Always choose bigger over smaller — the number one complaint across all rabbit litter boxes is “too small.”
Do rabbits need a litter box with a grate?
Not necessarily. Grates keep feet clean by letting droppings fall through. Some rabbits avoid grate surfaces entirely.
Open pans are simpler and preferred by many experienced keepers. If your rabbit has messy feet or long fur, a grate helps.
Should a rabbit litter box have hay?
Yes. Rabbits are grazers that eat and poop at the same time. Placing Timothy hay in the litter box encourages natural behavior and makes training almost effortless.
Replace soiled hay daily and add fresh on top.
How often should you clean a rabbit litter box?
Spot clean daily by removing soiled hay and waste. Do a full bedding change every 3 to 7 days depending on box size and number of rabbits.
Clean the empty box with white vinegar to remove mineral deposits and odors.
Can you litter train a rabbit?
Yes. Rabbits naturally gravitate to using a litter box, especially after spaying or neutering. Place the box in their preferred corner, add hay and soiled bedding, and most rabbits start using it within days.

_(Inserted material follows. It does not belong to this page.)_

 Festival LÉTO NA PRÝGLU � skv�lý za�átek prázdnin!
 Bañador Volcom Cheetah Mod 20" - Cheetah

For the full process, see our rabbit litter training guide. Owners searching for “best rabbit litter box Reddit” threads will find the same advice: use a large cat pan and add hay.
What is the best litter box for a large rabbit?
For large breeds (7-10 lbs), use the Petmate Jumbo cat pan or the RUBYHOME Oversize Corner box. For giant breeds like Flemish Giants, most commercial boxes are too small.
A cement mixing tray from a hardware store (~$10, 32 x 21 inches) or the Sorstrem XL stainless steel box works best.